▸ Task statement: Reproduce the entries below exactly, but leave the pictures out.

▸ Supplied information:
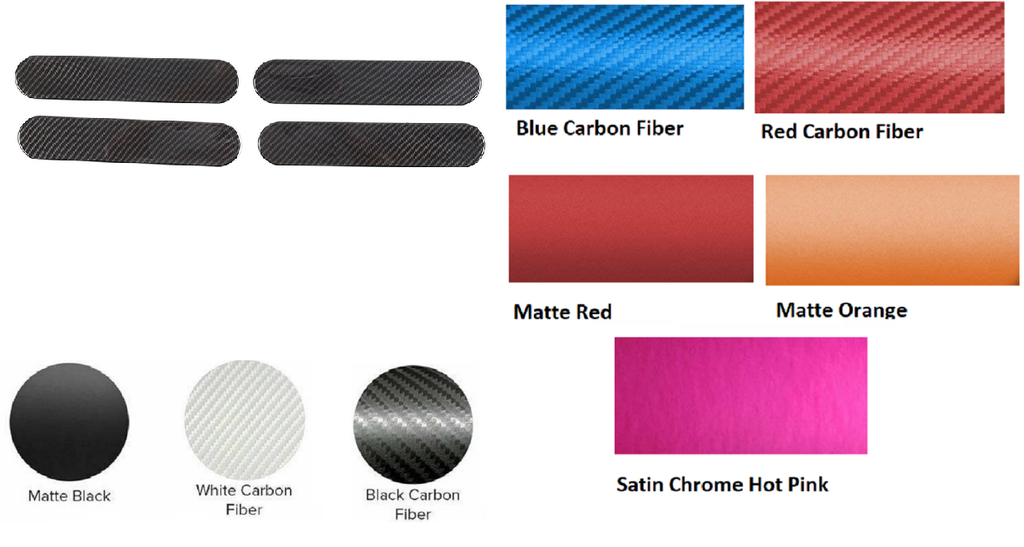 Door Handle Decal Wrap, 4pc Set, Many Colors, for Rivian R1T, R1S, 2022-2025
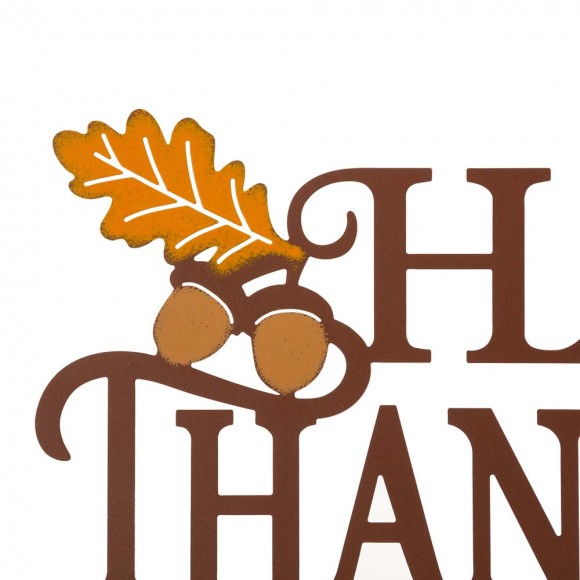 Glitzhome Glitzhome 24"L Metal "HAPPY THANKSGIVING" Wall Décor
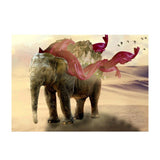 Maxbell DIY Diamond Painting Embroidery Paint By Number Kits Elephant and Hill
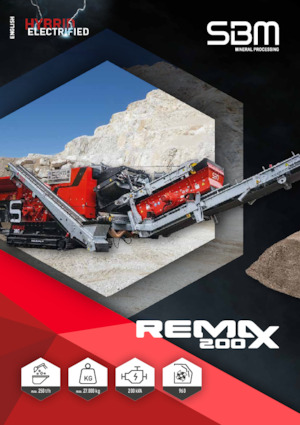 Установки для переробки щебеню SBM REMAX 200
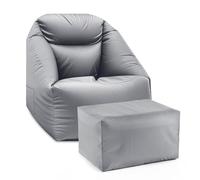 Ensemble sac de siège LUMALAND AIR RELAX fauteuil gonflable + tabouret de siè...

▸ Result of the task:
 Door Handle Decal Wrap, 4pc Set, Many Colors, for Rivian R1T, R1S, 2022-2025
 Glitzhome Glitzhome 24"L Metal "HAPPY THANKSGIVING" Wall Décor
 Maxbell DIY Diamond Painting Embroidery Paint By Number Kits Elephant and Hill
 Установки для переробки щебеню SBM REMAX 200
 Ensemble sac de siège LUMALAND AIR RELAX fauteuil gonflable + tabouret de siè...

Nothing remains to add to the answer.